Thread: Why does create_gather_merge_plan need make_sort?

Why does create_gather_merge_plan need make_sort?

From
James Coleman
Date:
While looking at another issue I noticed that create_gather_merge_plan
calls make_sort if the subplan isn't sufficiently sorted. In all of
the cases I've seen where a gather merge path (not plan) is created
the input path is expected to be properly sorted, so I was wondering
if anyone happened to know what case is being handled by the make_sort
call. Removing it doesn't seem to break any tests.

Thanks,
James



Re: Why does create_gather_merge_plan need make_sort?

From
Tomas Vondra
Date:
On 11/20/20 11:24 PM, James Coleman wrote:
> While looking at another issue I noticed that create_gather_merge_plan
> calls make_sort if the subplan isn't sufficiently sorted. In all of
> the cases I've seen where a gather merge path (not plan) is created
> the input path is expected to be properly sorted, so I was wondering
> if anyone happened to know what case is being handled by the make_sort
> call. Removing it doesn't seem to break any tests.
> 

Yeah, I think you're right this is dead code, essentially. We're only
ever calling create_gather_merge_path() with pathkeys matching the
subpath. And it's like that on REL_12_STABLE too, i.e. before the
incremental sort was introduced.


regards

-- 
Tomas Vondra
EnterpriseDB: http://www.enterprisedb.com
The Enterprise PostgreSQL Company



Re: Why does create_gather_merge_plan need make_sort?

From
Tom Lane
Date:
Tomas Vondra <tomas.vondra@enterprisedb.com> writes:
> On 11/20/20 11:24 PM, James Coleman wrote:
>> While looking at another issue I noticed that create_gather_merge_plan
>> calls make_sort if the subplan isn't sufficiently sorted. In all of
>> the cases I've seen where a gather merge path (not plan) is created
>> the input path is expected to be properly sorted, so I was wondering
>> if anyone happened to know what case is being handled by the make_sort
>> call. Removing it doesn't seem to break any tests.

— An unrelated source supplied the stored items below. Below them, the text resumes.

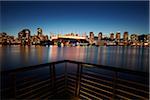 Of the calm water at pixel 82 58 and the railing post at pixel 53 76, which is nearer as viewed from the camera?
the railing post at pixel 53 76

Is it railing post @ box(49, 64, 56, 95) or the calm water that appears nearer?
railing post @ box(49, 64, 56, 95)

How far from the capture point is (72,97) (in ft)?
11.2

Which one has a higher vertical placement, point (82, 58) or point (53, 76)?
point (53, 76)

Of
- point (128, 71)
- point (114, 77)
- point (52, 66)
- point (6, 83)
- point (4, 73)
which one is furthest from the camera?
point (6, 83)

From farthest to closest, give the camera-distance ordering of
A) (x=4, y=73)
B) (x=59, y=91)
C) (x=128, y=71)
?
(x=59, y=91), (x=128, y=71), (x=4, y=73)

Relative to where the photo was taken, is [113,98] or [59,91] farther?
[59,91]

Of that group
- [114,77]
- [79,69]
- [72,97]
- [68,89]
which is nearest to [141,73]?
[114,77]

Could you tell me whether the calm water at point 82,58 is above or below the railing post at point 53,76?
below

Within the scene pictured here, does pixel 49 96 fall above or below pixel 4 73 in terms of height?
below

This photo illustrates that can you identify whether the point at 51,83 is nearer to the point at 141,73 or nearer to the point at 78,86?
the point at 78,86

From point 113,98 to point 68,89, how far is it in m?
1.27

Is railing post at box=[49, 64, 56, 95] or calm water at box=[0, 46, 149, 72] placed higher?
railing post at box=[49, 64, 56, 95]

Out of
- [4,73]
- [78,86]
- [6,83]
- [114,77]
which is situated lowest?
[6,83]

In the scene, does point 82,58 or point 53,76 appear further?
point 82,58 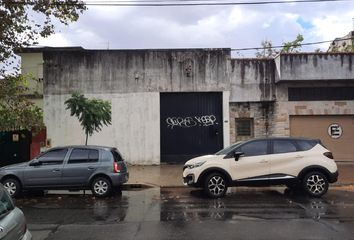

> Yeah, I think you're right this is dead code, essentially. We're only
> ever calling create_gather_merge_path() with pathkeys matching the
> subpath. And it's like that on REL_12_STABLE too, i.e. before the
> incremental sort was introduced.

It's probably there by analogy to the other callers of
prepare_sort_from_pathkeys, which all do at least a conditional
make_sort().  I'd be inclined to leave it there; it's cheap insurance
against somebody weakening the existing behavior.

            regards, tom lane



Re: Why does create_gather_merge_plan need make_sort?

From
Tomas Vondra
Date:
On 11/22/20 10:31 PM, Tom Lane wrote:
> Tomas Vondra <tomas.vondra@enterprisedb.com> writes:
>> On 11/20/20 11:24 PM, James Coleman wrote:
>>> While looking at another issue I noticed that create_gather_merge_plan
>>> calls make_sort if the subplan isn't sufficiently sorted. In all of
>>> the cases I've seen where a gather merge path (not plan) is created
>>> the input path is expected to be properly sorted, so I was wondering
>>> if anyone happened to know what case is being handled by the make_sort
>>> call. Removing it doesn't seem to break any tests.
> 
>> Yeah, I think you're right this is dead code, essentially. We're only
>> ever calling create_gather_merge_path() with pathkeys matching the
>> subpath. And it's like that on REL_12_STABLE too, i.e. before the
>> incremental sort was introduced.
> 
> It's probably there by analogy to the other callers of
> prepare_sort_from_pathkeys, which all do at least a conditional
> make_sort().  I'd be inclined to leave it there; it's cheap insurance
> against somebody weakening the existing behavior.
> 

But how do we know it's safe to actually do the sort there, e.g. in
light of the volatility/parallel-safety issues discussed in other threads?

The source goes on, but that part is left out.